The sale of a law firm is a process dependent upon the training of and transitioning to a prospective buyer. This is why it is important to create a transition culture at your firm.
“You need to set a culture for transition,” added Camille Stell, vice president for client services for Lawyers Mutual. “The first people you need to talk with are your family. Then gather your team which might include your transactions attorney, your financial adviser, your CPA and law practice consultant and a broker.”
“A successful transition plan should include an efficient exit planning process, a facilitator to drive the process, a written plan and a plan for implementation and accountability,” explained Rachel Blunk an attorney with Sharpless & Stavola, P.A.
Creating a culture for transition is key to preparing your firm for transfer to a potential buyer.
There are a multitude of motivations someone may have for purchasing a law firm and as such potential buyers come in many forms.
“The attorney selling their practice probably already knows the buyer.
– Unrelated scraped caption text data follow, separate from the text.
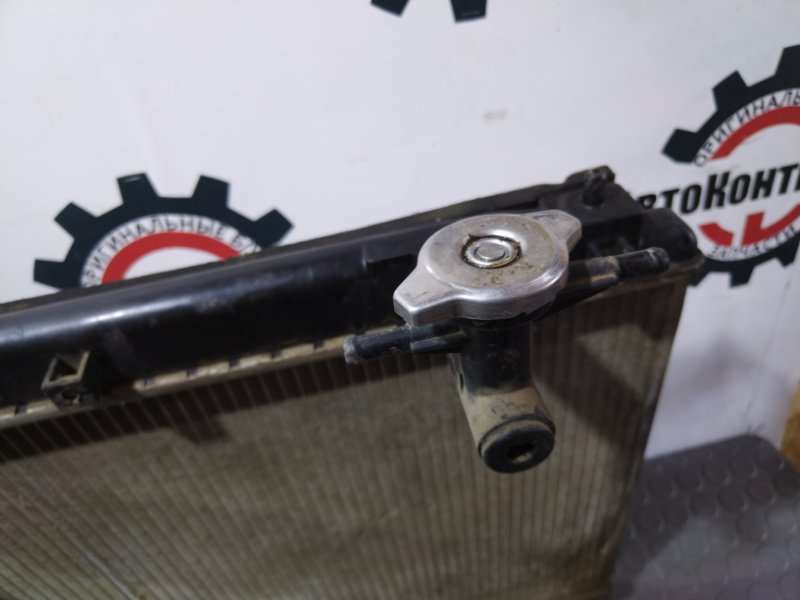 Радиатор охлаждения двигателя, 5700 рублей, Красноярск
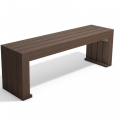 Banc public - Banc urbain - Banc de ville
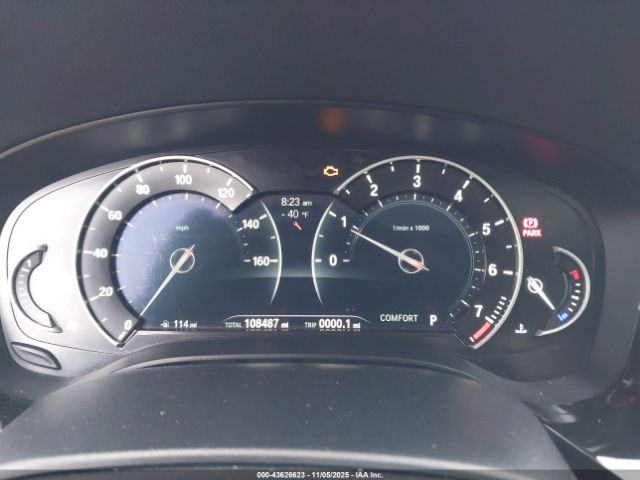 BMW 5 Series Xdrive Image 9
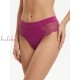 Дамска бразилиана от микрофибър и дантела Maris COLLECTION 322, fucsia - Дамско бельо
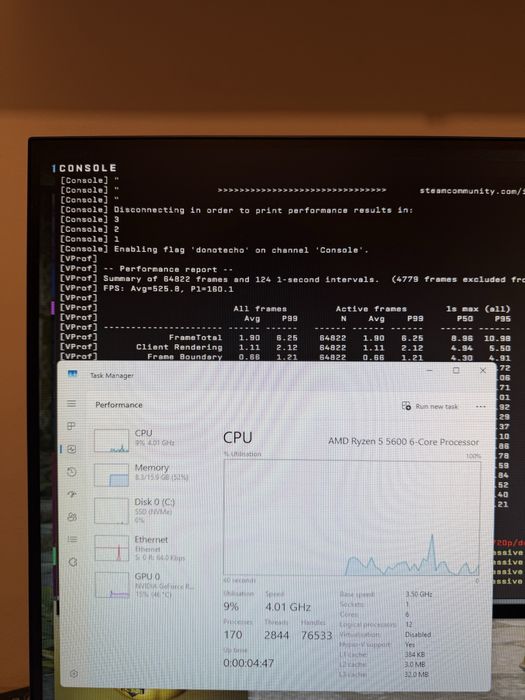 PC Gaming RTX 5060- Ryzen 5600- 16gb ram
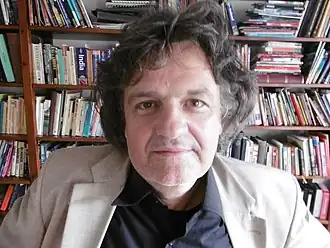 Ab Gietelink in 2020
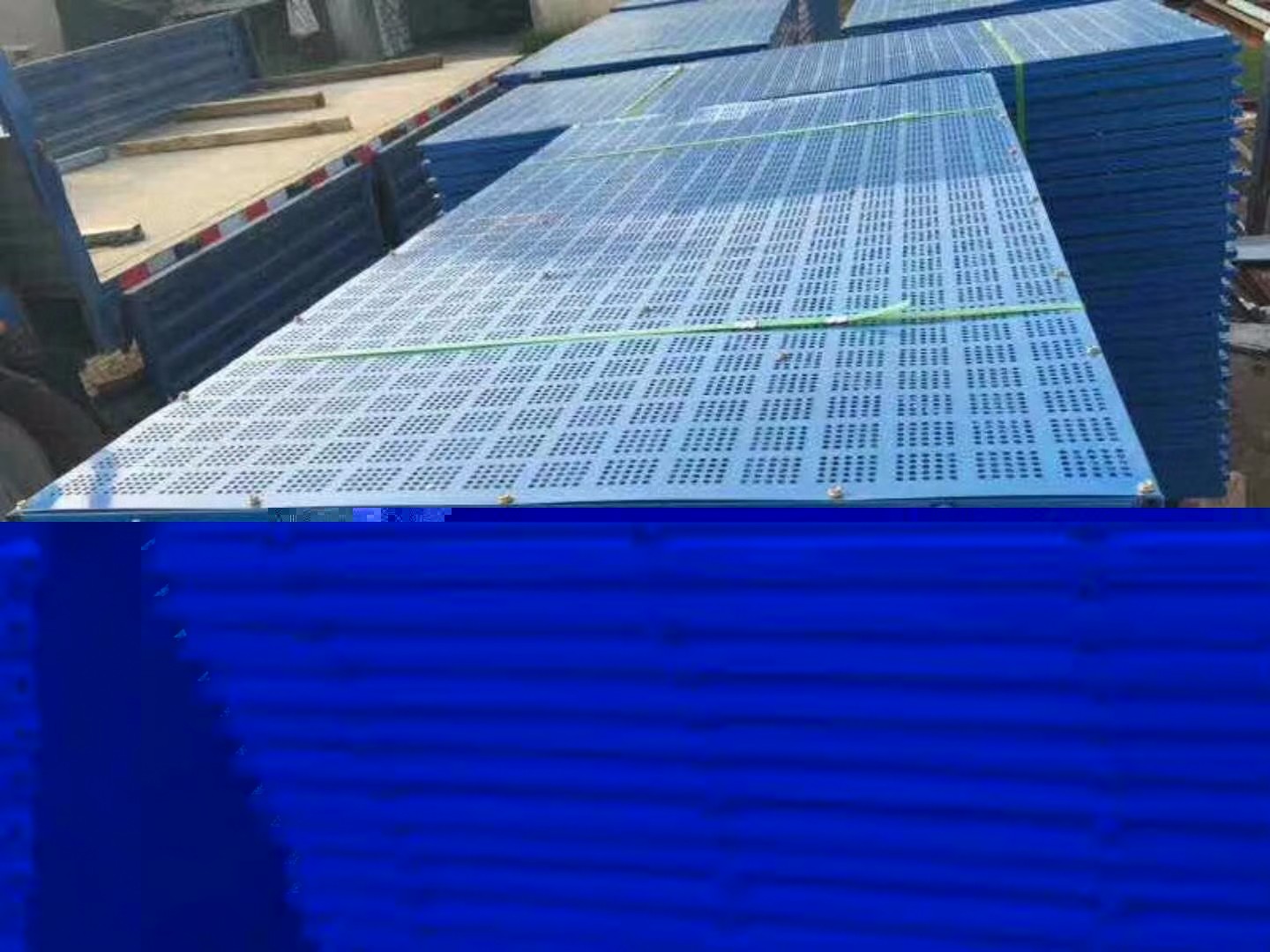 建筑防護網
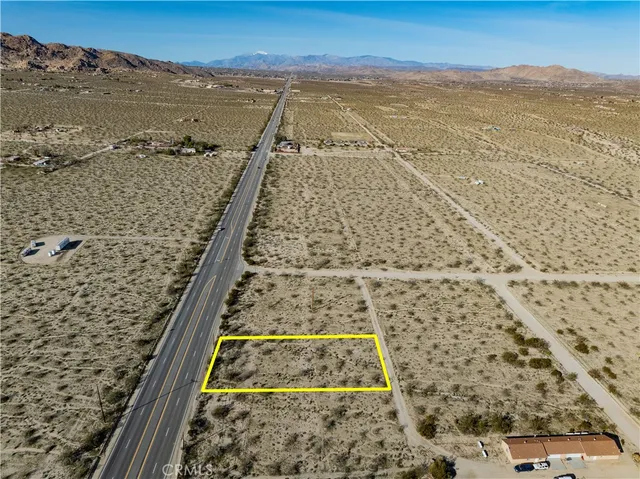 $55,000 | 64744 29 Palms Highway, Joshua Tree, CA 92252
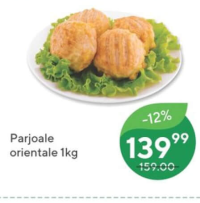 Parjoale orientale 1kg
It might be a partner or an associate,” said Lenfestey.
Recent law school graduates are potential buyers, said Julie Beavers, director for career services at Campbell Law School.
“Recent law school graduates are looking for mentorship and training in the buy-sell transaction. But you also have to understand their financial situation coming out of law school. Some graduates are saddled with significant education debt,” said Beavers. “The ideal candidate may be a recent law school graduate who is on their second career. They have business savvy, access to capital, and their major life decisions such as getting married, having kids and home ownership are behind them.”
“Pricing your firm begins with looking at what the buyer could take out of the firm. Then the value is between one and four times that cash flow,” said Lenfestey.
“The price for a small practice is influenced by the firm’s value drivers including human capital, the customer base and the product or service offered by the firm,” said Blunk.
“The buyer wants to know if they can grow and expand on your practice. The buyer’s motivations rule the day,” said Lenfestey. “Other factors include how streamlined the office setup is and how organized the financial statements are.”
His final piece of advice to sellers, “Don’t wind down your practice then try to sell your firm. As cash goes down, so does the value of your practice. You should have a plan and start sooner than later.”